It is apparent that the travel industry has been severely affected by the coronavirus pandemic and the future continues to look grim for DUBAI, United Arab Emirates. Many airline executives have gone as far as to express their worry, particularly upon a potential second wave of the virus.
“The worst is not behind any airline, not only Qatar Airways,” Qatar Airways CEO Akbar Al Baker told CNBC’s Dan Murphy via video call on Thursday.
“There will soon be other bailouts in Europe, there will be other collapses around the world. Because of the second wave, I think it is … even more severe than in the first wave.”

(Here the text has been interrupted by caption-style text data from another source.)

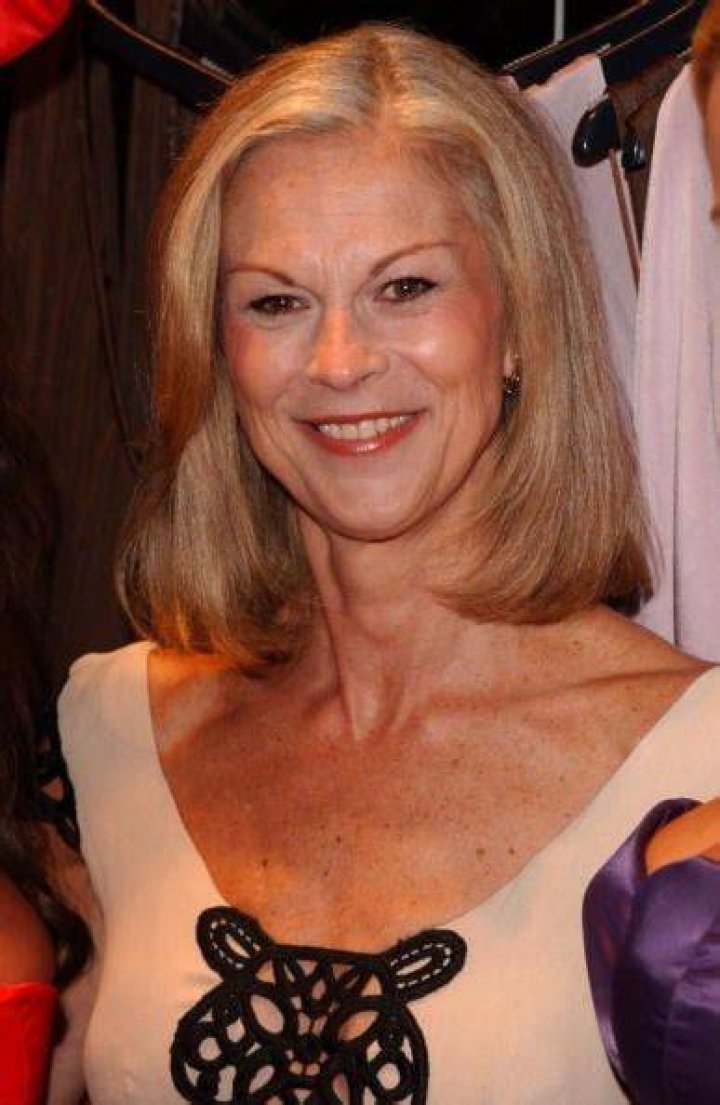 Christie Hefner Net Worth, Bio 20172016, Wiki REVISED! Richest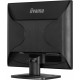 Monitor 19 cali E1980S-B1 HDMI DP 250cd 3ms 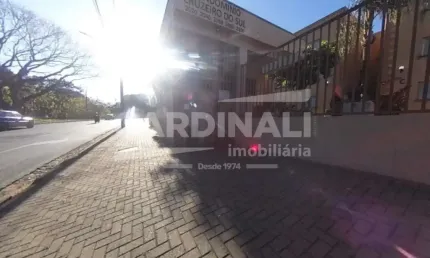 Apartamento para venda em parque arnold schimidt de 70.00m² com 2 quartos e 1 garagem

With 43 commercial airlines having closed due to the non existent demand, air travel is experiencing one of the biggest hits in history. About 485 aircrafts are at a stand-still according to travel data company Cirium, a shocking twist to the last 10 years of consistent travel demand.
As the situation progresses, many experts including Al Baker, foresee more airline closures. Additionally, thanks to capacity reduction, the CEO anticipates more monopolies within particular carriers.
“I think that there will be more reduction in capacity, which in a way is also not good for the traveling public because then it will give a monopolistic situation to certain airlines that exactly wanted this to happen,” he said.
Qatar Airways, a small carrier, has revealed a record loss of USD1.9 Billion for the 2019-2020 financial year as a result of the pandemic and the blockade by a party of Gulf Arab states led by Saudi Arabia.
“I need to tell you that our losses will continue because every single airline in the world will continue to lose money because there are no more passengers to carry,” he said, adding: “Or there are big numbers of passengers to carry like we are actually carrying, but the traffic is one way because most of the countries have kept their airports closed.”